Composer Nick Glennie-Smith wrote a score for the film but then left the project, and was replaced (at the 11th hour) by Stephen Graziano. But the final film ended up using both composers scores - even though Glennie-Smith had his name removed from the film. The funny thing is (or sad thing, depending on your viewpoint) the music was the best part of the film. GNP Crescendo released the soundtrack album to Highlander Endgame and wisely included both Graziano's and Glennie-Smith's scores.
Graziano does an excellent job arranging the traditional song "Bonny Portmore", heard frequently in the "Highlander" television series. The "Opening Titles" cue runs over ten-minutes in length, and encompasses many of the themes that Graziano will bring to the score. It begins with a light suspenseful piano motif as well as a more exciting guitar and bagpipes (and strings) theme. It's melodic and it's a joy to listen to. There are even some choral moments that create a feeling of wonder and mystery. "Motorcycle Gang Fight" is a more rock-based cue, with plenty of crashing electric guitars and synth with an underlying percussive groove to enhance the action on screen. Unfortunately, some of the synth string work sounds very fabricated - it just doesn't mesh as well as the other string work on the album.
"Say Goodbye To Kate / Last Supper Slash" is a great dramatic cue that uses all of the elements I enjoyed in this score - primarily a dramatic string section, a great percussive rhythm, and a female soloist wailing in a foreign tongue. I don't know why, but it's really dramatic and stands out on the album. Up until this point, Stephen Graziano has written all of the cues - but now we hit an "amalgam" cue. "Heather Cuts Her Hair" contains music both by Graziano and Glennie-Smith - even though (to the best of my knowledge) neither of them worked together. It's the first time we get a hint of Glennie-Smith's themes, and I liked what I heard.

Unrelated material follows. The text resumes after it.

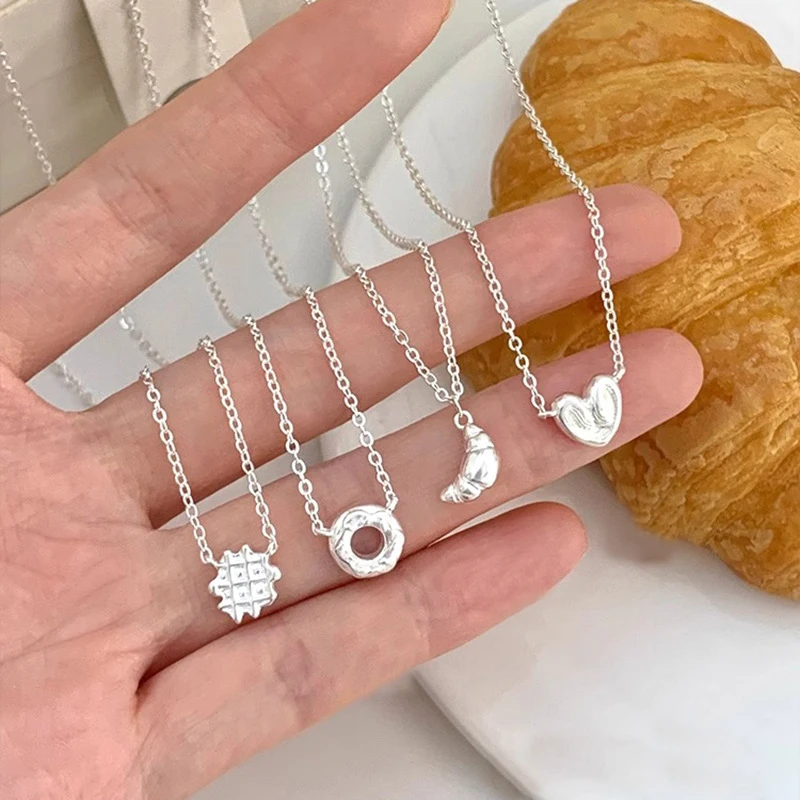 VENTFILLE  Silver Color Bread Necklace For Women Girl Special Design Personality Interesting Irregular Jewelry Gift Dropshipping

"The Legend Of The Immortals" is a ten-minute long cue that starts out Nick Glennie-Smith's segment of the score album. It's mostly atmosphere for the first minute or so as it slowly builds. The resulting theme is something straight out of Glennie-Smith's repertoire - a great theme that sounds like it might have been better placed in a Jerry Bruckheimer film than this one. But nonetheless, he provides the right tone for incidents playing out on the screen. "Connor and Duncan Fight Together" is an upbeat traditional-sounding period piece that must have been fun to write because it is so different from the rest of the score. "Attack At The Loft" is another pounding action cue that works great, considering Glennie-Smith's past experiences at Mediaventures. The most dramatic cue he wrote (ala "Heather Cuts Her Hair" is "Killing An Old Friend" - it's emotional and powerful, and takes full advantage of the themes from the previously mentioned cues.
The liner notes in the album are lengthy and informative, and the production design is nicely presented. Running a hair over an hour, this might not be a score to rush out and buy, but it's certainly filled with some quality moments. It's just unfortunate that the film didn't.